Spark是基于内存的计算引擎,它的计算速度非常快。但是仅仅只涉及到数据的计算,并没有涉及到数据的存储,但是,spark的缺点是:吃内存,不太稳定
总体而言,Spark采用RDD以后能够实现高效计算的主要原因如下:
(1)高效的容错性。现有的分布式共享内存、键值存储、内存数据库等,为了实现容错,必须在集群节点之间进行数据复制或者记录日志,也就是在节点之间会发生大量的数据传输,这对于数据密集型应用而言会带来很大的开销。在RDD的设计中,数据只读,不可修改,如果需要修改数据,必须从父RDD转换到子RDD,由此在不同RDD之间建立了血缘关系。所以,RDD是一种天生具有容错机制的特殊集合,不需要通过数据冗余的方式(比如检查点)实现容错,而只需通过RDD父子依赖(血缘)关系重新计算得到丢失的分区来实现容错,无需回滚整个系统,这样就避免了数据复制的高开销,而且重算过程可以在不同节点之间并行进行,实现了高效的容错。此外,RDD提供的转换操作都是一些粗粒度的操作(比如map、filter和join),RDD依赖关系只需要记录这种粗粒度的转换操作,而不需要记录具体的数据和各种细粒度操作的日志(比如对哪个数据项进行了修改),这就大大降低了数据密集型应用中的容错开销;
(2)中间结果持久化到内存。数据在内存中的多个RDD操作之间进行传递,不需要“落地”到磁盘上,避免了不必要的读写磁盘开销;
(3)存放的数据可以是Java对象,避免了不必要的对象序列化和反序列化开销。
这个程序的执行过程如下:
# SparkContext作为Spark的程序入口
import findspark
findspark.init()
from pyspark.context import SparkContext, SparkConf
import os
sc = SparkContext()
# 输出Spark基本信息
sc
SparkContext
**textFile的使用**: Spark采用textFile()方法来从文件系统中加载数据创建RDD,该方法把文件的URI作为参数,这个URI可以是: •本地文件系统的地址 •或者是分布式文件系统HDFS的地址 •或者是Amazon S3的地址等等# 获取词信息(从本地文件系统中读取数据)
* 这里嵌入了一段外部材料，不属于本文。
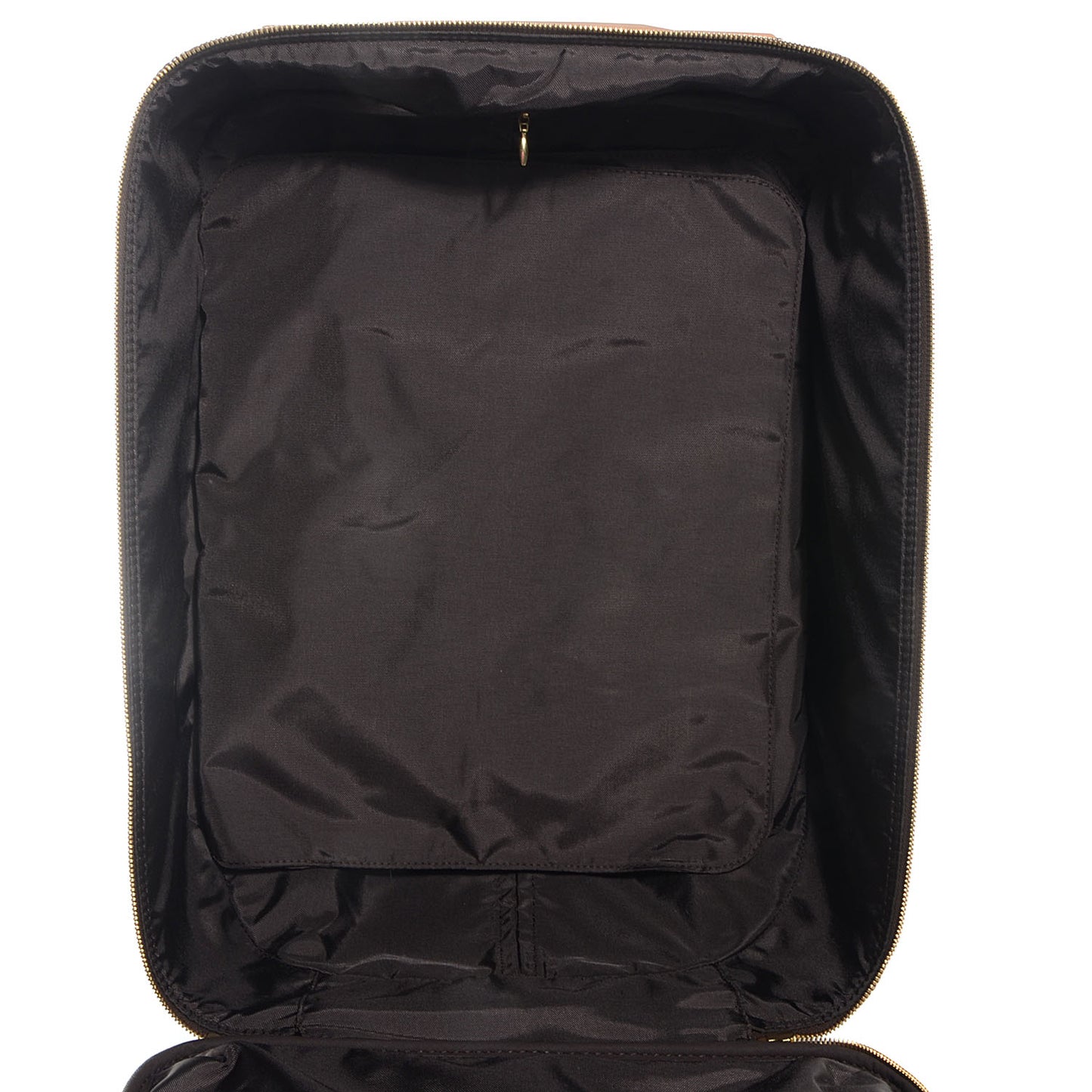 Monogram Pegase 45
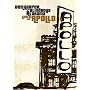Ben Harper and the Blind Boys of Alabama: Live at the Apollo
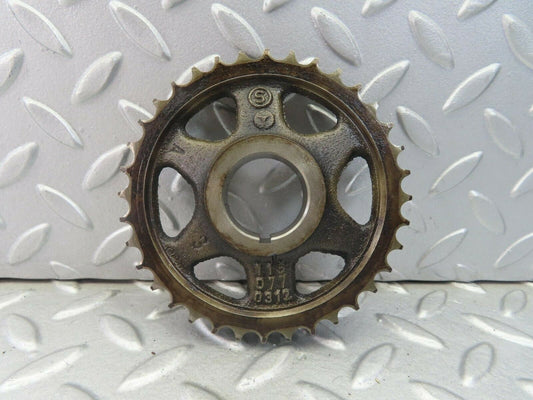 8447 Mercedes-Benz W116 Timing Gear 1160770312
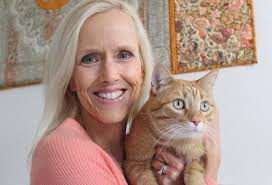 The Coast News, January 24, 2025 by Coast News Group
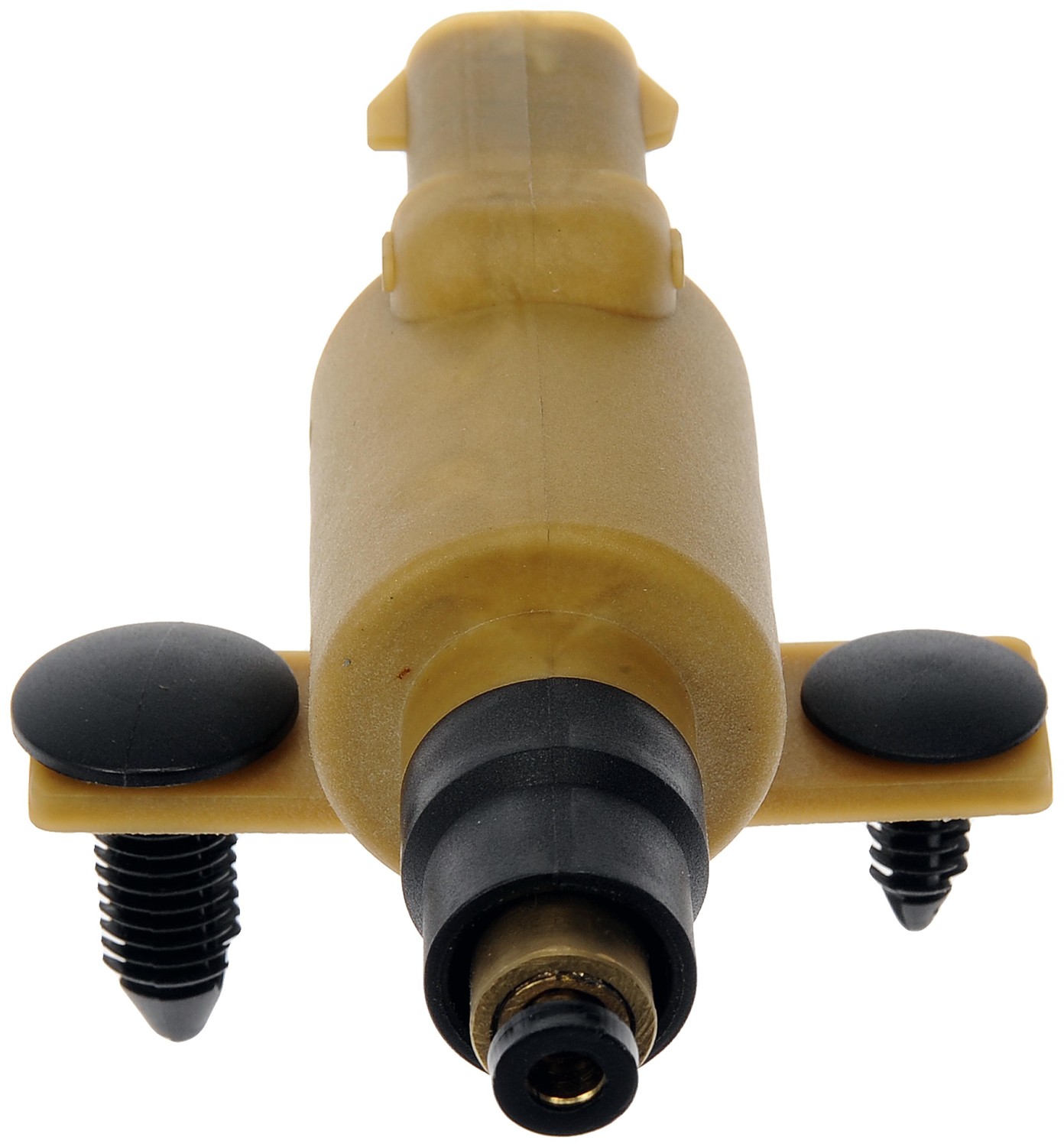 Air Suspension Solenoid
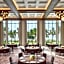 Mandarin Oriental, Muscat
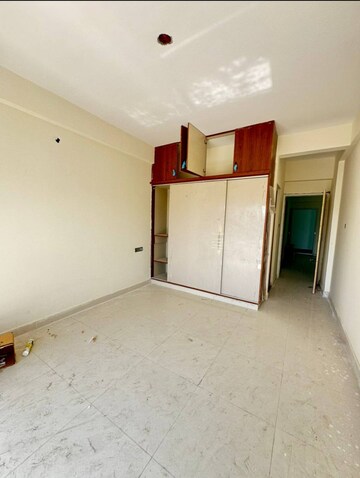 Room in 2 BHK Builder Floor at Harlur – for Rent
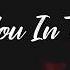 Josh A Jake Hill Lost You In The Fire Lyrics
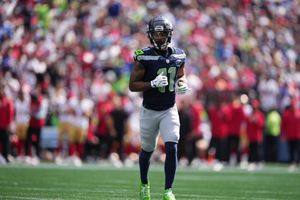 Image post by @FanDuel on Twitter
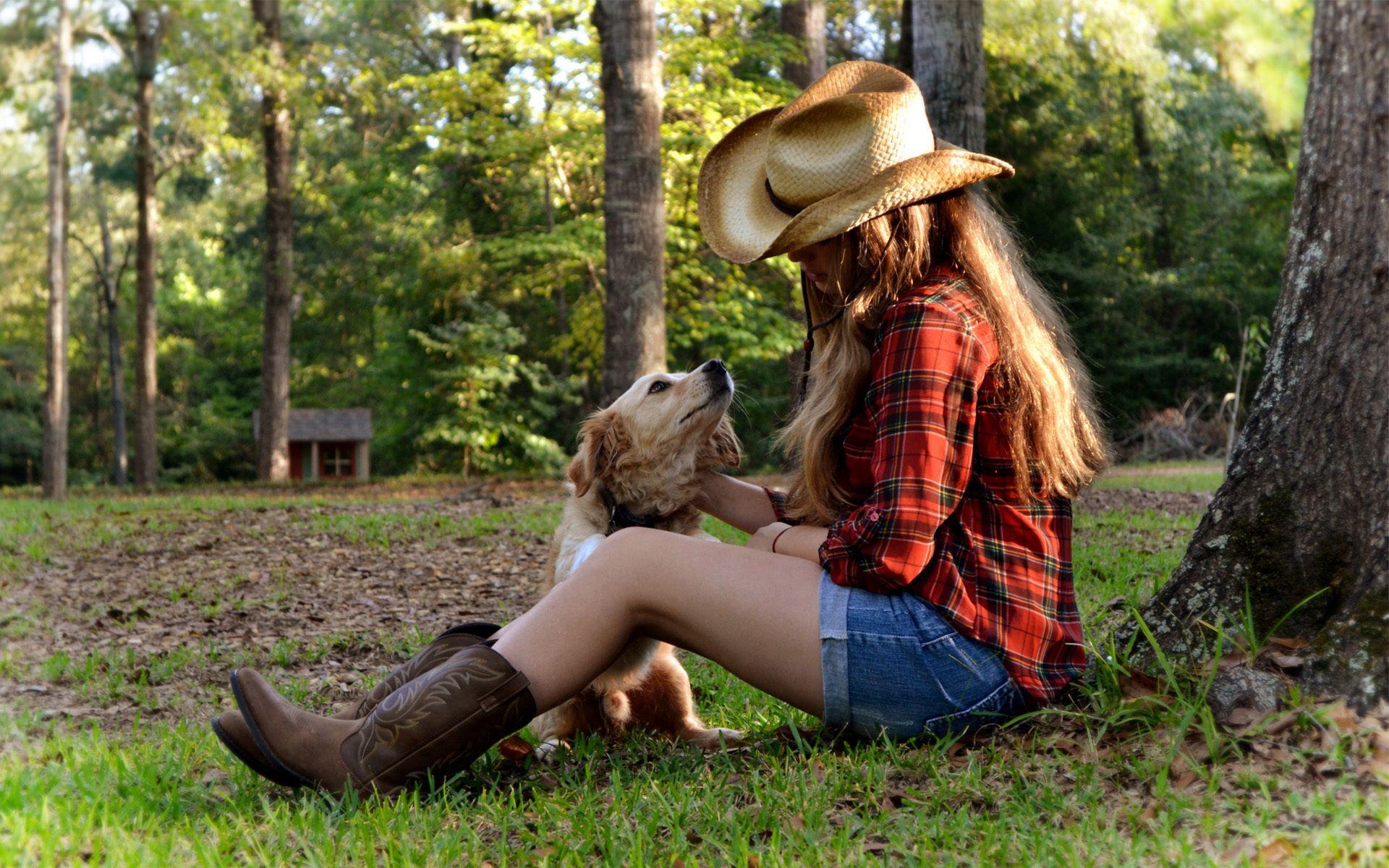 Cowgirl Wallpapers Top Free Cowgirl Backgrounds Wallpaperaccess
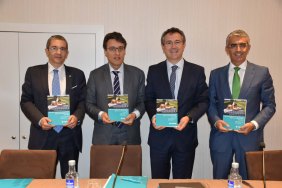 Observatorio sector agroalimentario español jul 2019 8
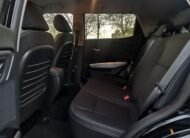 SSANGYONG TIVOLI D16T Premium 4×2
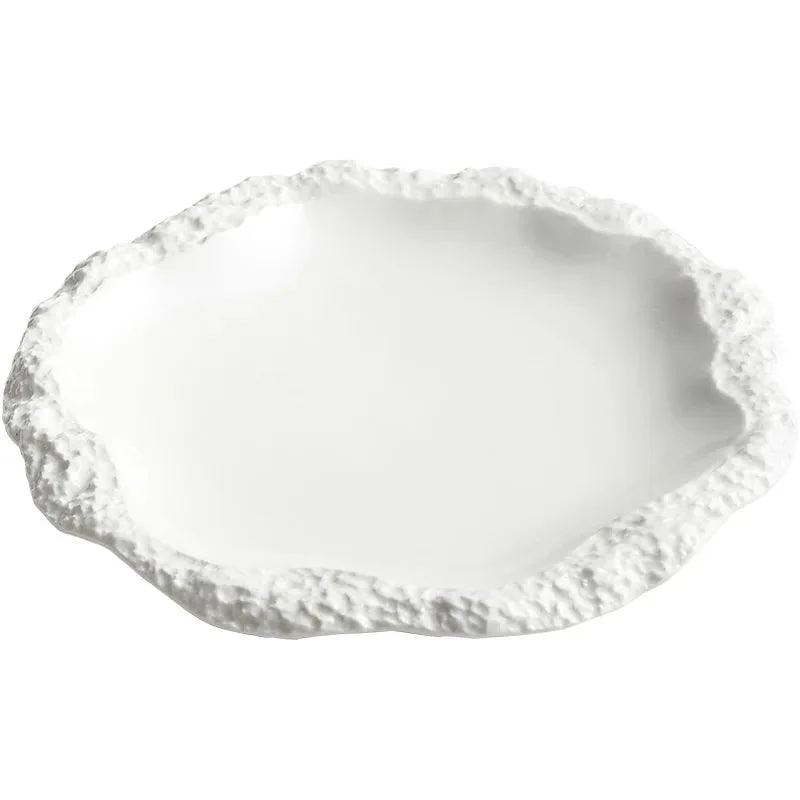 Paleo_Plate_-_-4359621 Paleo Plate -
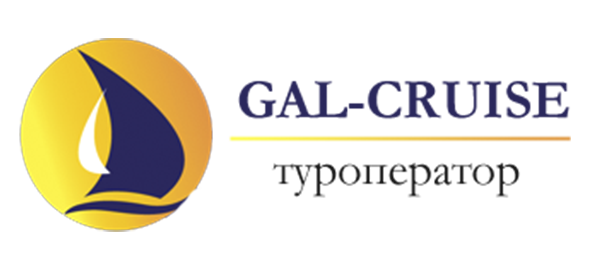 Партнер 7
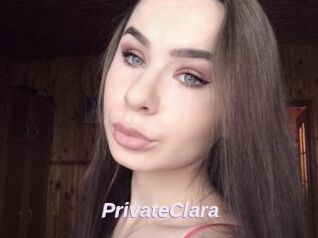 PrivateClara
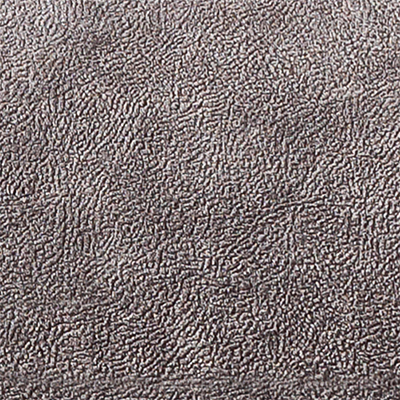 Restyl. Vally - Schlafsofa (Faltsofa) | mit 2 Armteilen und Kissen | grau | 145 x 200 cm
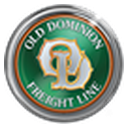 Old Dominion Freight Line, Inc.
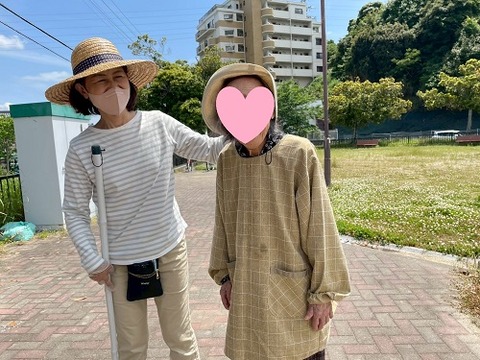img_LINE_ALBUM_2025520  地域清掃活動🧹_250520_7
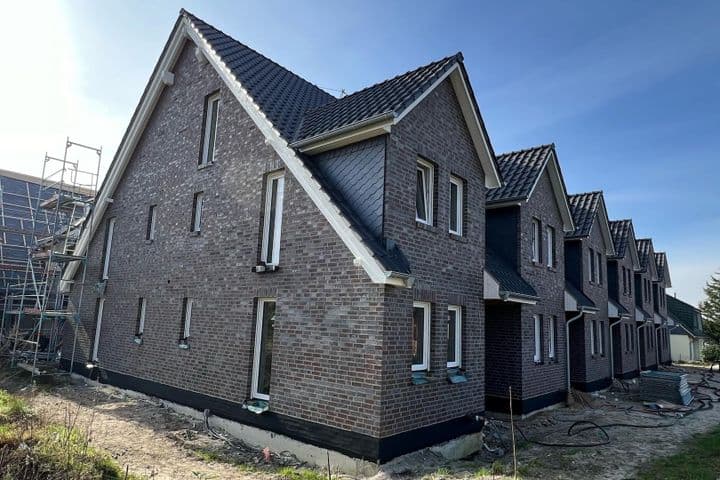 House for sale in Lauenburg                   - Schleswig-Holstein, Germany - Image 2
path = os.path.join(os.getcwd(), "data/text.txt")
words = sc.textFile(name="file://" + path, minPartitions=5)
words
words.collect()
['Prior versions of the MovieLens dataset included either pre-computed cross-',
'folds or scripts to perform this computation. We no longer bundle either of',
'these features with the dataset, since most modern toolkits provide this as',
' a built-in feature. If you wish to learn about standard approaches to cross',
'-fold computation in the context of recommender systems evaluation, see for',
' tools, documentation, and open-source code examples.']
# 构建整体流程(只构建,不计算)
RDD = words.flatMap(lambda line:line.split(" ")).map(lambda x:(x, 1)).reduceByKey(lambda a, b: a + b)
# 词典大小
len(RDD.collect())
58
#聚合操作,也即整合所有的流程得到输出结果
RDD.collect()[:10]
[('of', 3),
('to', 3),
('no', 1),
('', 2),
('learn', 1),
('computation', 1),
('see', 1),
('code', 1),
('examples.', 1),
('versions', 1)]
目的:从一个已经存在的数据集创建一个新的数据集
说明:
(1) 对于RDD而言,每一次转换操作都会产生不同的RDD,供给下一个“转换”使用.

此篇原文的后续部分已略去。